As somebody who lived and worked as a community organizer in the South Side of Chicago, Obama couldn't help but cross paths with members of the Nation of Islam, and in his 1995 memoir, Dreams from My Father
, he wrestles to understand the sentiment that lead blacks to embrace a leader such as Farrakhan, while making it clear that he doesn't share their contempt for whites.
This passage from his book provides a good idea of where Obama was coming from:
Ever since the first time I'd picked up Malcolm X's autobiography, I had tried to untangle the twin strands of black nationalism, arguing that nationalism's affirmative message -- of solidarity and self-reliance, discipline and communal responsibility -- need not depend on hatred of whites any more than it depended on white munificence. We could tell this country where it was wrong, I would tell myself and any black friends who would listen, without ceasing to believe in its capacity for change.

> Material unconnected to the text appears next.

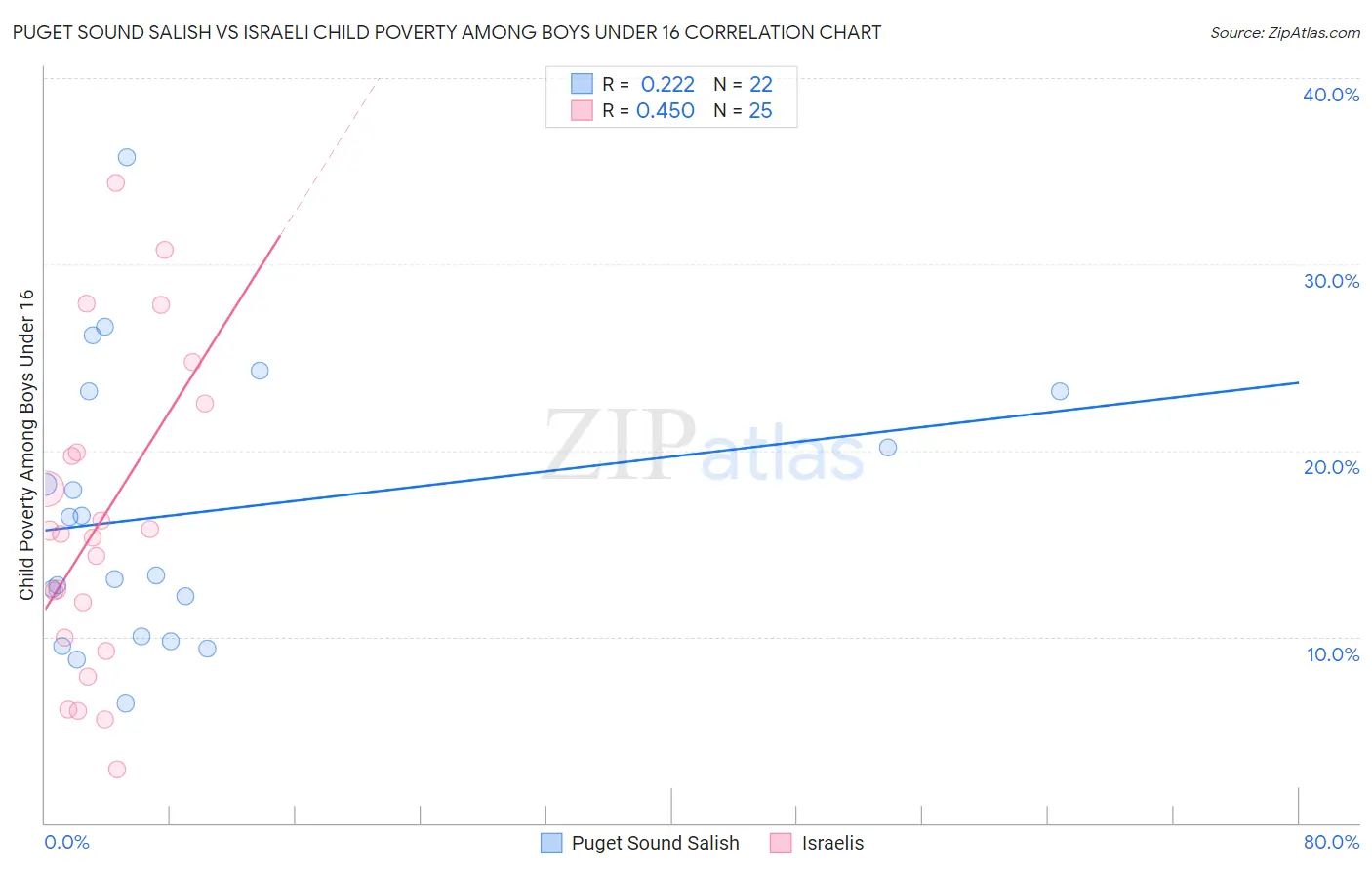 Puget Sound Salish vs Israeli Child Poverty Among Boys Under 16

In his book, Obama also mentioned with sarcasm that he sometimes picked up the Nation of Islam's newspaper, The Final Call
because my attention was caught by the sensational, tabloid-style headlines (CAUCASIAN WOMAN ADMITS;WHITES ARE THE DEVIL). Inside the front cover, one found reprints of the minister's [Farrakhan's] speeches, as well as stories that could have been picked straight off the AP news wire were it not for certain editorial embellishments ("Jewish Senator Metzenbaum announced today...")...

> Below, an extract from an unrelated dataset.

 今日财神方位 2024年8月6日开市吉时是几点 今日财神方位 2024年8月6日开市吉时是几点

I don't think that Obama in any way harbors the hatred of whites and Jews that Farrakhan does, but like Cohen, I think that Obama needs to publicly condemn Farrakhan's message in the strongest possible terms, distancing himself from his own spiritual advisor, Rev. White.
The biggest fear I would have with an Obama presidency is not that he won't be true to his call for inclusiveness, but that his magnanimity will quickly descend into moral relativism, something especially dangerous in an age of Islamic terrorism.